Activity:
All of the data is to be printed exactly, though the images must be left off.

Information provided:
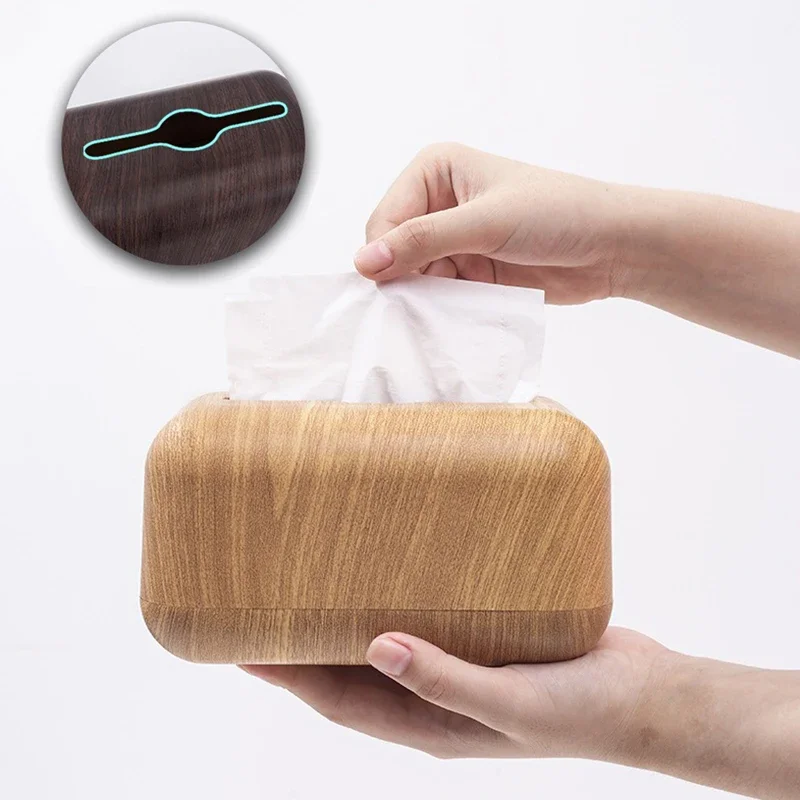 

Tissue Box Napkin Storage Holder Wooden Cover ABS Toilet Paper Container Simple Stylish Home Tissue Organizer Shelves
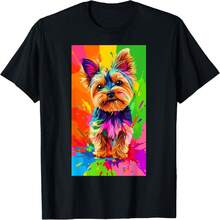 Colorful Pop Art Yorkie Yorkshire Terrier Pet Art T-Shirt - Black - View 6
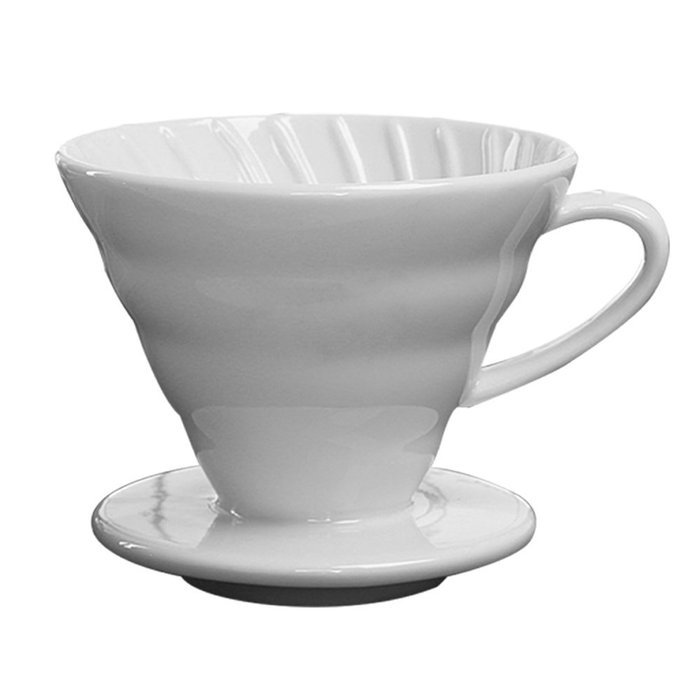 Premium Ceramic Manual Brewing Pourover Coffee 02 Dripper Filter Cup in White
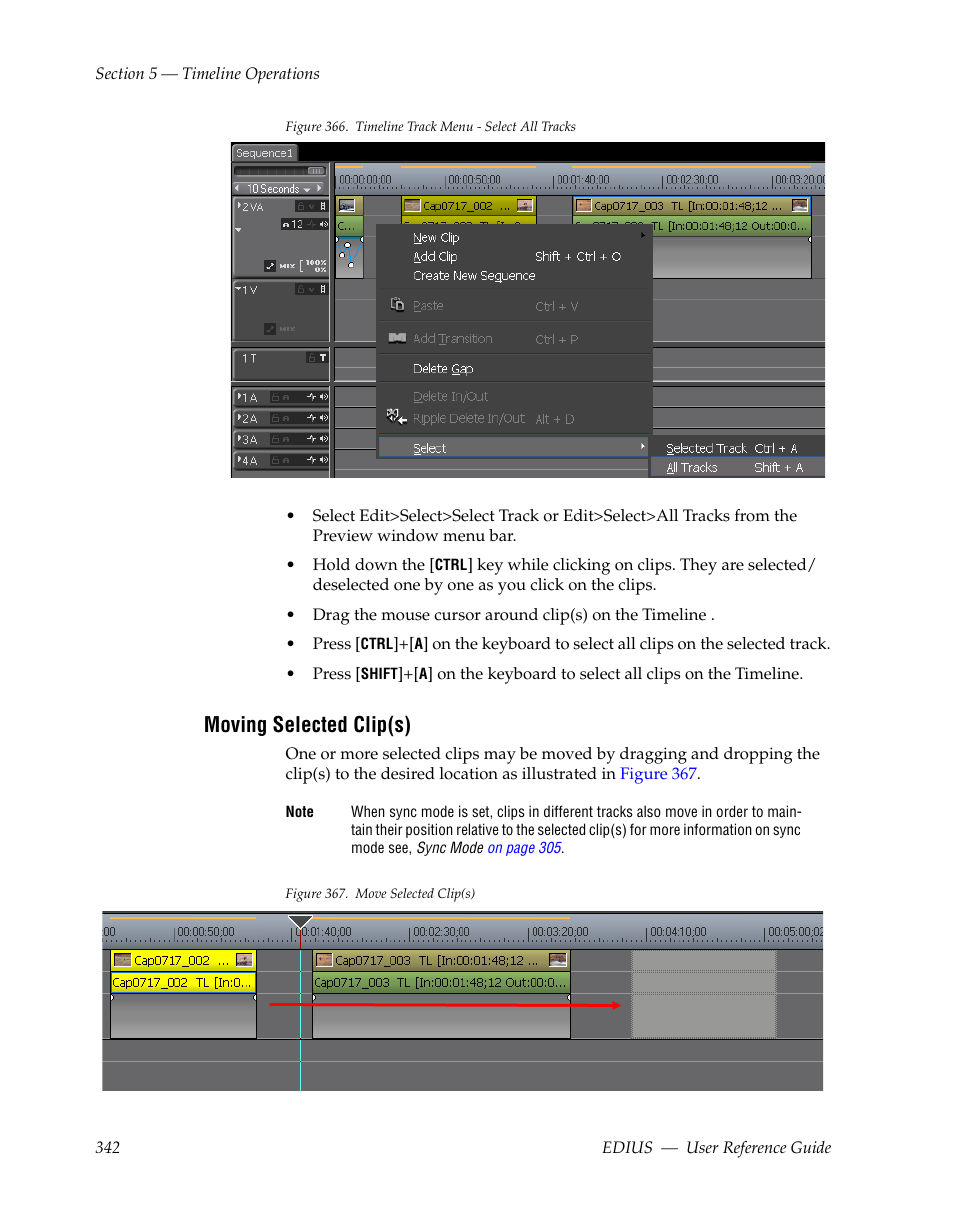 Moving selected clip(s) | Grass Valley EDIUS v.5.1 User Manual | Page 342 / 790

Solution for this problem:
Tissue Box Napkin Storage Holder Wooden Cover ABS Toilet Paper Container Simple Stylish Home Tissue Organizer Shelves
 Colorful Pop Art Yorkie Yorkshire Terrier Pet Art T-Shirt - Black - View 6
 Premium Ceramic Manual Brewing Pourover Coffee 02 Dripper Filter Cup in White
 Moving selected clip(s) | Grass Valley EDIUS v.5.1 User Manual | Page 342 / 790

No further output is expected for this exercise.